[[ Data extract, beginning ]]
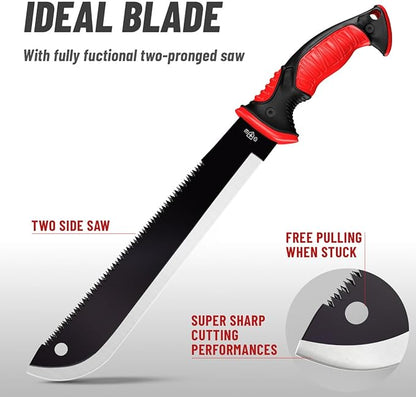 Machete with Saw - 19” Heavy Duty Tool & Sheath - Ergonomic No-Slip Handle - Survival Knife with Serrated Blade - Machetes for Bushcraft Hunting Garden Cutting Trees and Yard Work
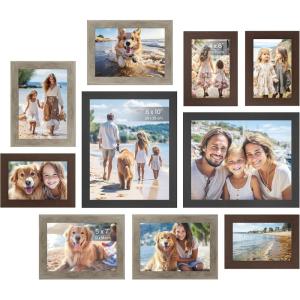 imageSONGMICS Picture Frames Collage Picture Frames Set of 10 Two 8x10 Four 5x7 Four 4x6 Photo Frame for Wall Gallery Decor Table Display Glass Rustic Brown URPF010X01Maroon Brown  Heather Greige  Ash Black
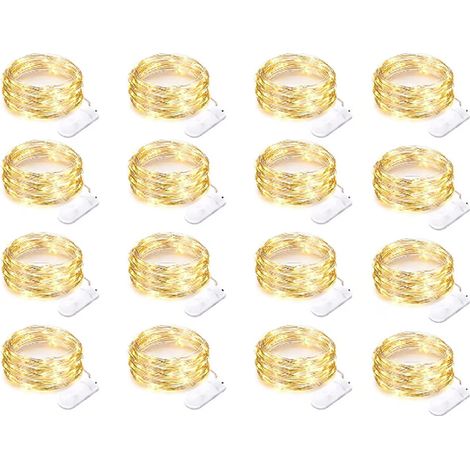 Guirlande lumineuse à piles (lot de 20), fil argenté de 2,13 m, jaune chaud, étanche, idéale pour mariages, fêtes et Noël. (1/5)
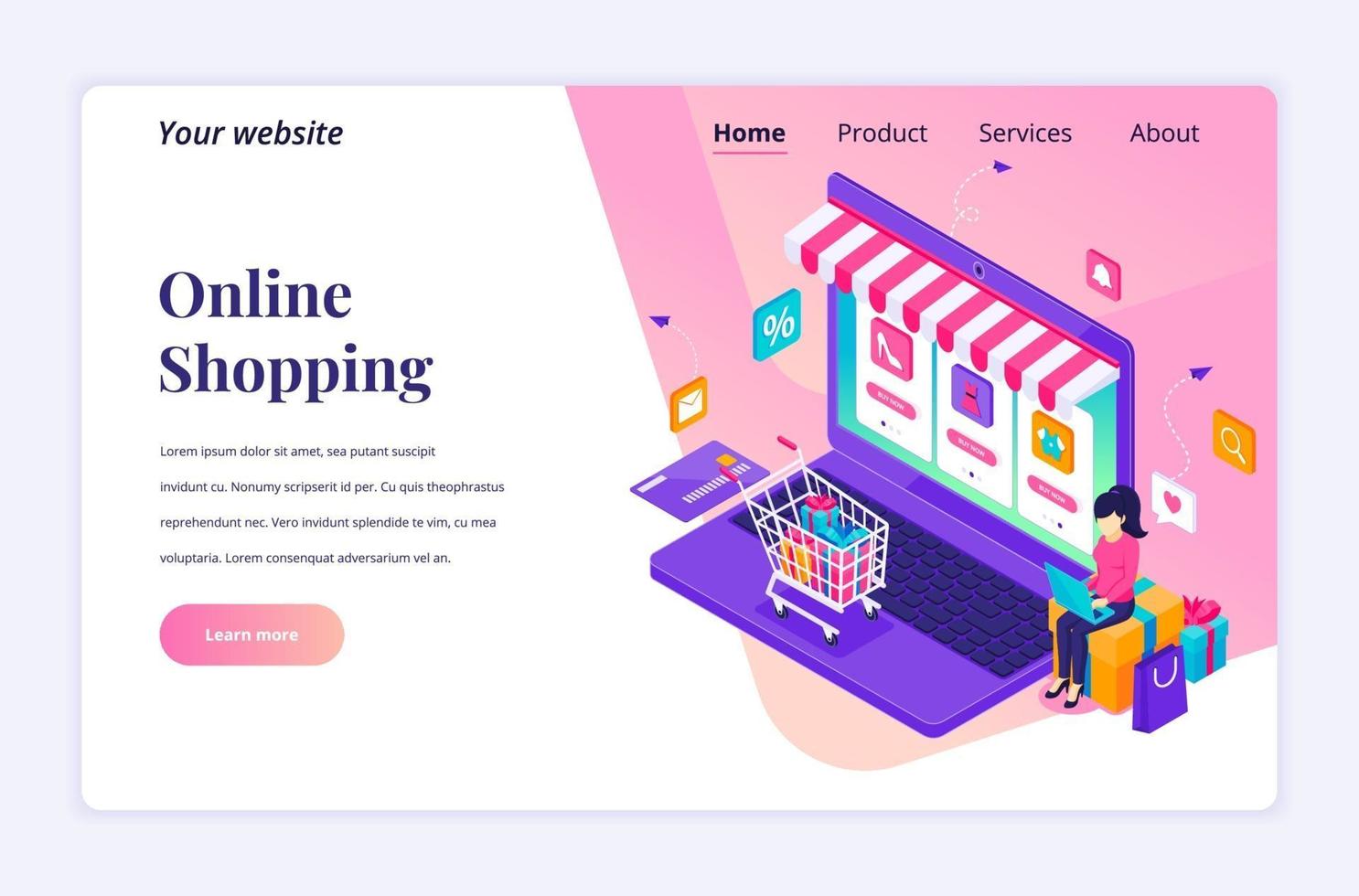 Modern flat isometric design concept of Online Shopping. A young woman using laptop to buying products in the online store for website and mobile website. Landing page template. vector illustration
[[ Data extract, end ]]
[[ Data extract, beginning ]]
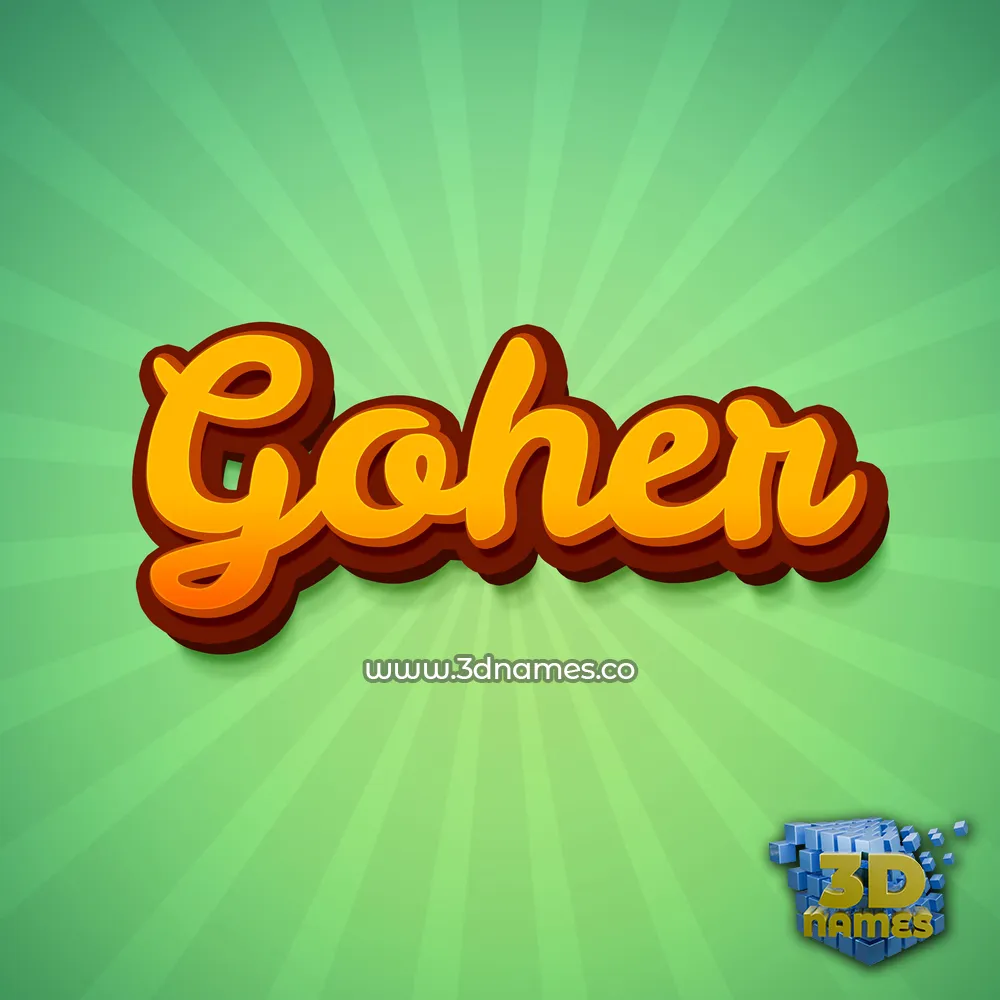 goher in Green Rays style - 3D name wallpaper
[[ Data extract, end ]]
[[ Data extract, beginning ]]
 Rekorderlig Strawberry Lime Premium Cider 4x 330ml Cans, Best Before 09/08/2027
[[ Data extract, end ]]
**Exercise goal**. Look above for the line with "imageSONGMICS Picture Frames" and the line with "Modern flat isometric"; set down those two lines and all lines between them exactly, without pictures and without anything else.

**Task solution**.
 imageSONGMICS Picture Frames Collage Picture Frames Set of 10 Two 8x10 Four 5x7 Four 4x6 Photo Frame for Wall Gallery Decor Table Display Glass Rustic Brown URPF010X01Maroon Brown  Heather Greige  Ash Black
 Guirlande lumineuse à piles (lot de 20), fil argenté de 2,13 m, jaune chaud, étanche, idéale pour mariages, fêtes et Noël. (1/5)
 Modern flat isometric design concept of Online Shopping. A young woman using laptop to buying products in the online store for website and mobile website. Landing page template. vector illustration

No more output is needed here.